======== Materials provided ========
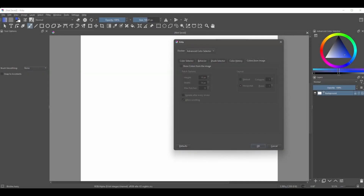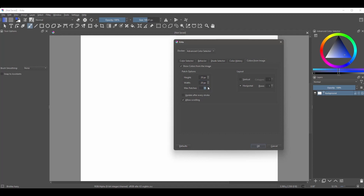Alright, we are almost done. Time to activate the properties of our last tab — the colors from image tab. This will allow you to extract the colors of an already existing image. Just like earlier, you can change the appearance of your patches here. Since our color history is going to be displayed as two horizontal rows, I'll choose to have my extracted color patches displayed as one vertical row. The color patches will appear on that side of the docker.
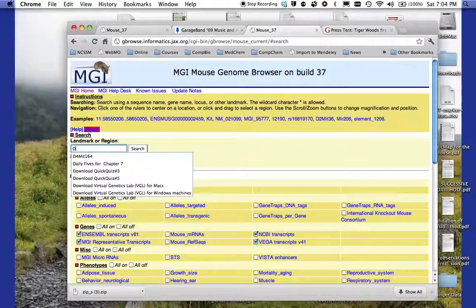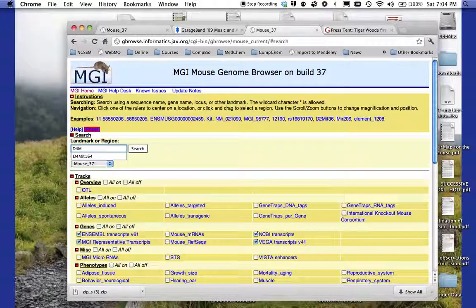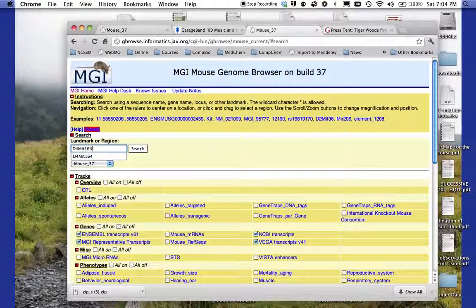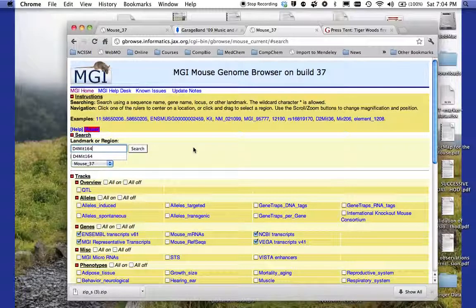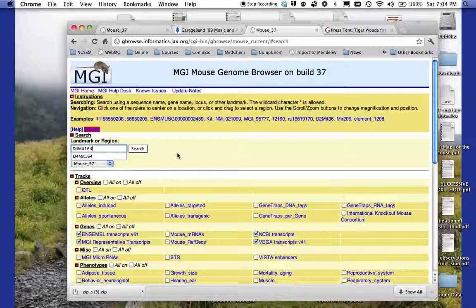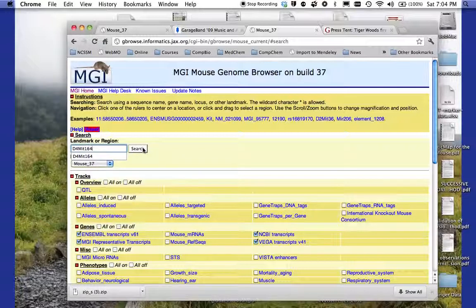We're going to look for D4MIT164 because this is a marker that came up during a QTL analysis. So I'm going to type in D4MIT164. I'm going to hit the search button.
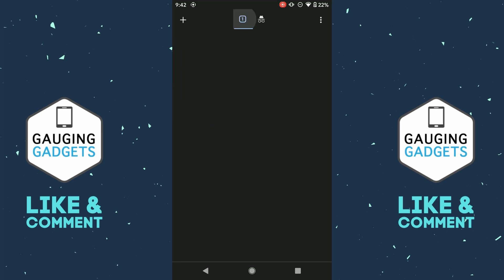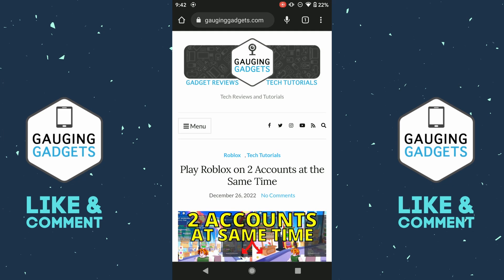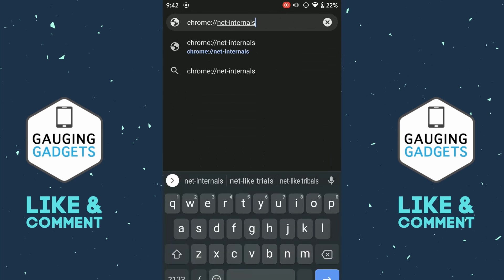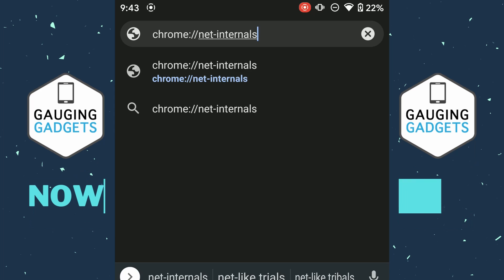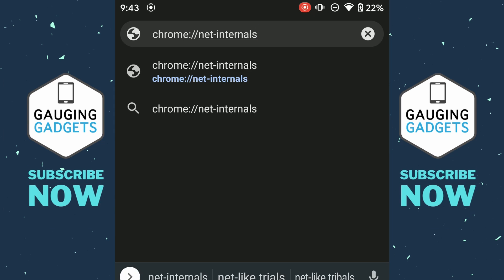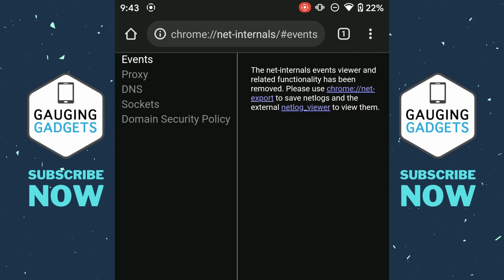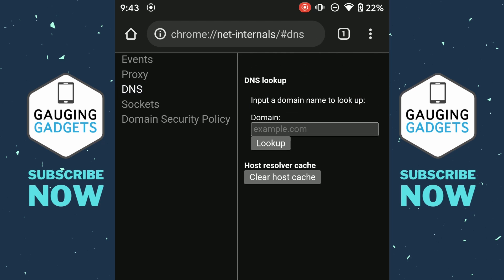Leave incognito mode and go back to the regular mode of Google Chrome. Once here, type the following in the address bar — check the description, I'll have it down there: chrome://net-internals. Go ahead and navigate to that. Once that loads, in the left menu select DNS.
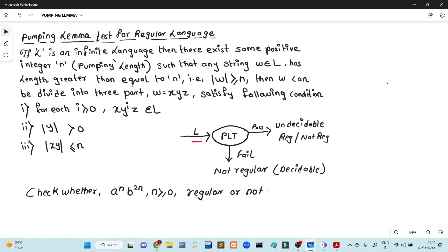If you fail, we will say this is not regular. If you fail, you will say that it is not regular.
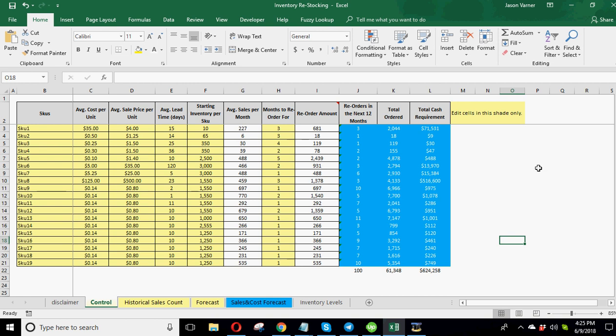All right guys, welcome. It's June 9th here. We're trying to do another financial model. This is a tool to help with inventory, restocking, and cash flow planning.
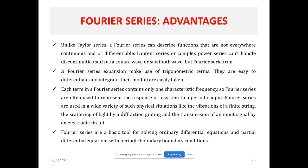We can now conclude by discussing the advantages of the Fourier series compared to the Taylor series or Laurent series. Fourier series can handle discontinuous functions — for example, square waves and saw-tooth waves — which Taylor series cannot represent. Unlike Laurent series or complex power series, Fourier series can describe functions that are not everywhere continuous and differentiable.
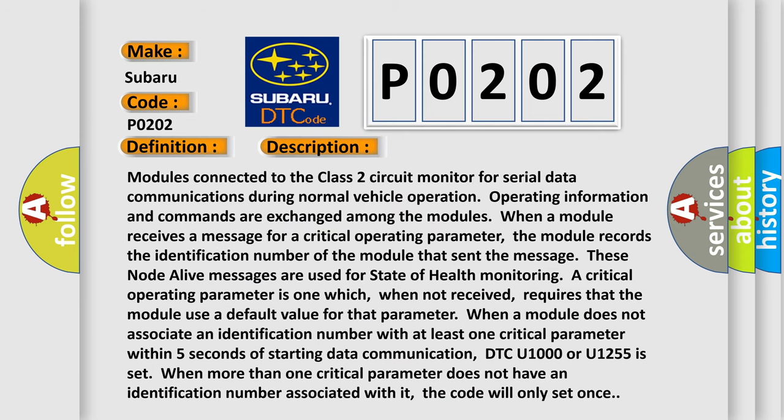Modules connected to the Class 2 circuit monitor for serial data communications during normal vehicle operation. Operating information and commands are exchanged among the modules. When a module receives a message for a critical operating parameter, the module records the identification number of the module that sent the message. These node-alive messages are used for state-of-health monitoring. A critical operating parameter is one which, when not received, requires that the module use a default value for that parameter. When a module does not associate an identification number with at least one critical parameter within five seconds of starting data communication, DTC U1000 or U1255 is set. When more than one critical parameter does not have an identification number associated with it, the code will only set once.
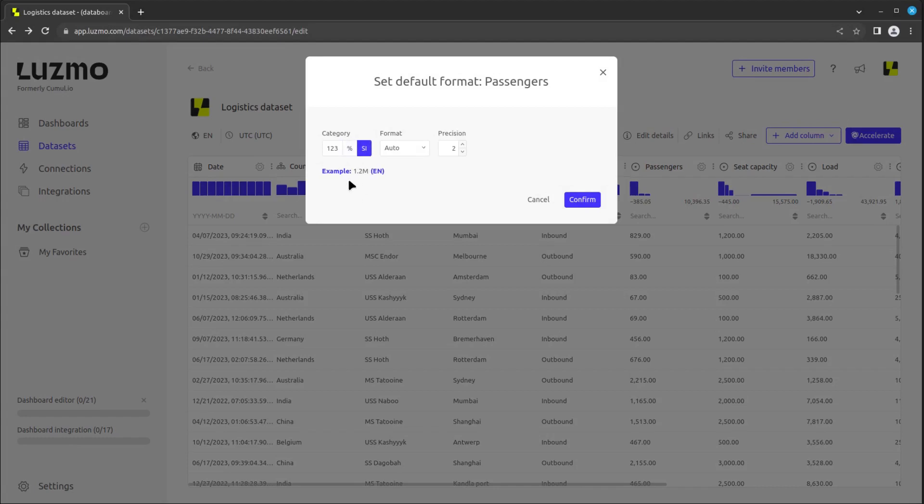In the format selector, we can specify whether to use commas or dots as the decimal separator. And finally, we can select the precision.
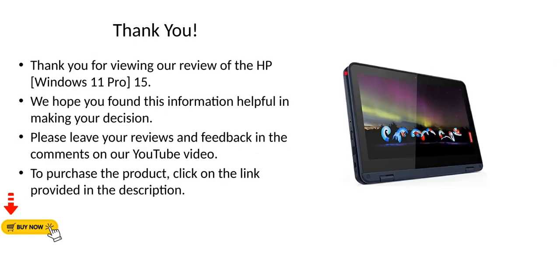Thank you for viewing our review of the HP Windows 11 Pro 15. We hope you found this information helpful in making your decision. Please leave your reviews and feedback in the comments on our YouTube video. To purchase the product, click on the link provided in the description.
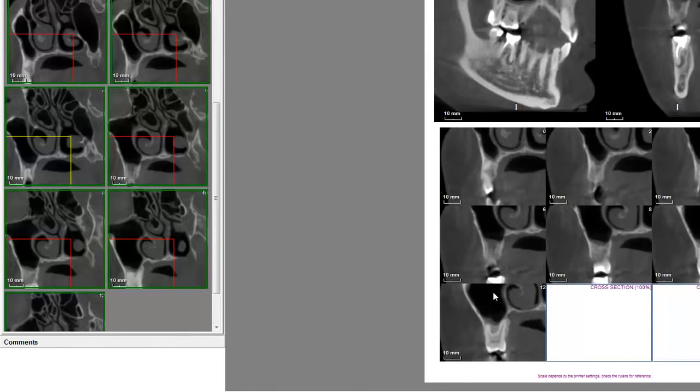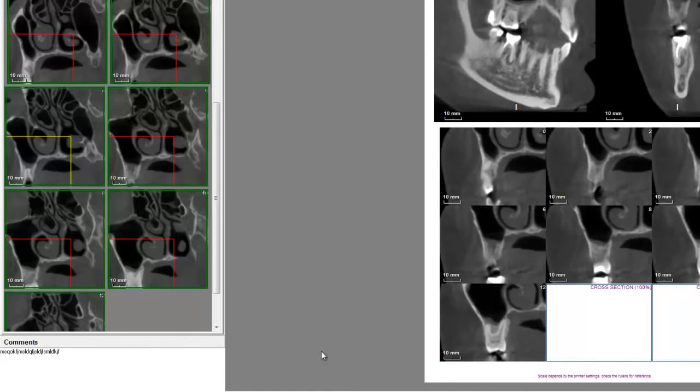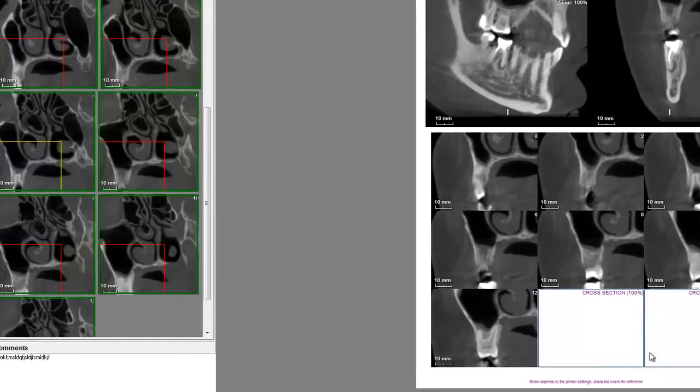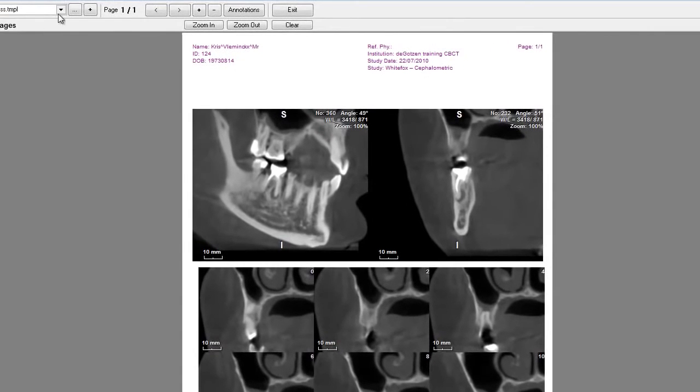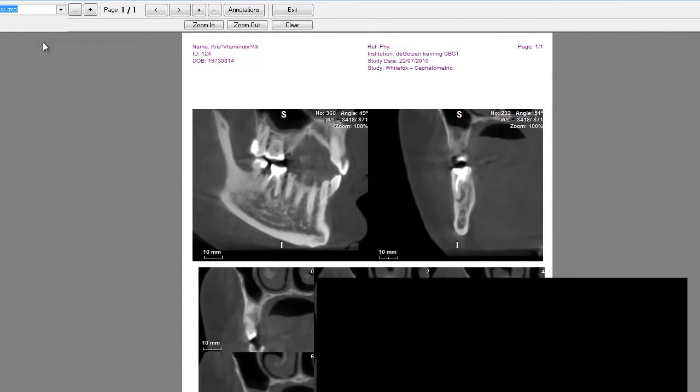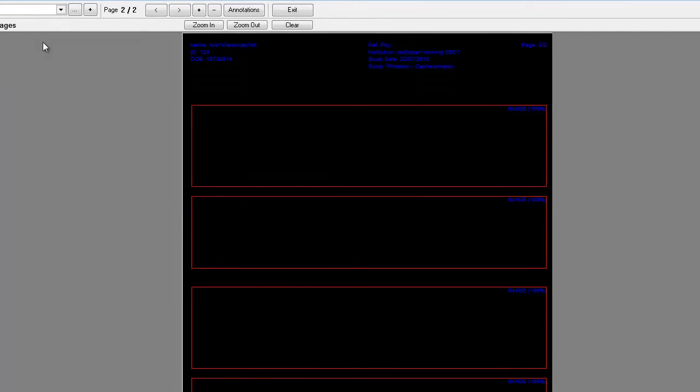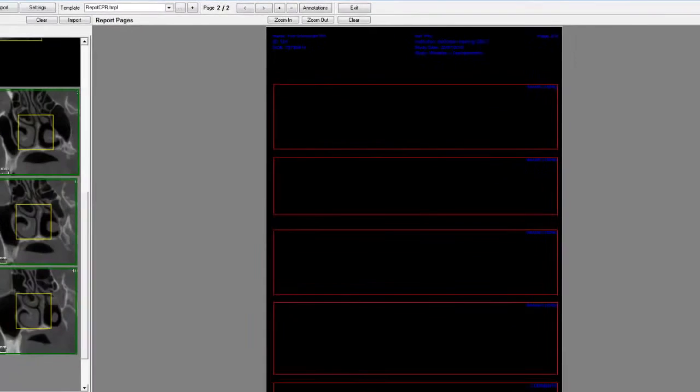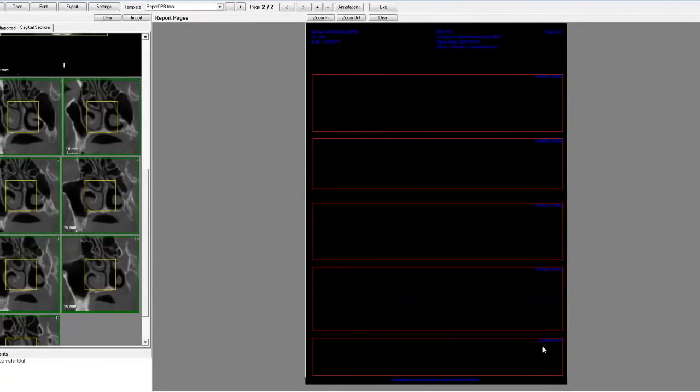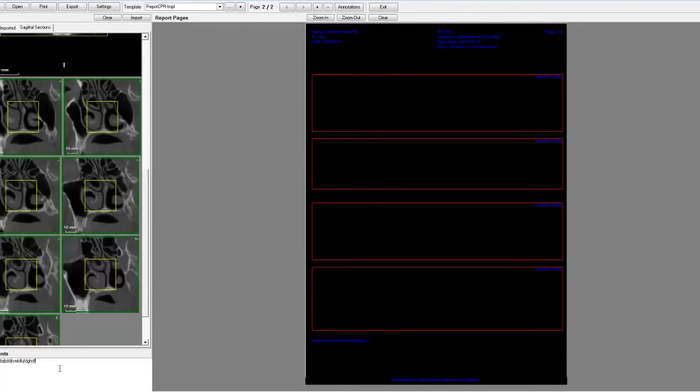So that's how you make a report in no time. In case you have some comments, you place them here. This is a model that doesn't have any comment possibilities, but in case, let's say, let's find one. Yes, you can see here, comments. As you can see, the comments are appearing in this area.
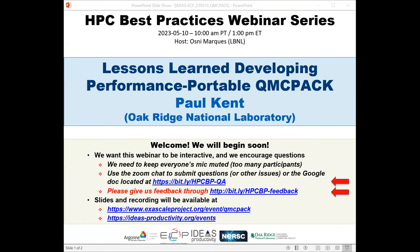Welcome to the HPC Best Practices webinar series. The series is brought to you by the IDEAS Productivity Project, which is part of the XI-Scale Computing Project, the United States Department of Energy. I'm Mosley Marcus from Lawrence Berkeley Lab and will be the host for today's webinar, Facilitating Lessons Learned Developing Performance Portable QMC Pack, presented by Paul Kent.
========
## Problem to solve
Would you output the lines above from the line holding "All right guys, welcome." up to and including the line holding "We can now conclude", exactly and only those, with no pictures?

## Finished task
All right guys, welcome. It's June 9th here. We're trying to do another financial model. This is a tool to help with inventory, restocking, and cash flow planning.
We can now conclude by discussing the advantages of the Fourier series compared to the Taylor series or Laurent series. Fourier series can handle discontinuous functions — for example, square waves and saw-tooth waves — which Taylor series cannot represent. Unlike Laurent series or complex power series, Fourier series can describe functions that are not everywhere continuous and differentiable.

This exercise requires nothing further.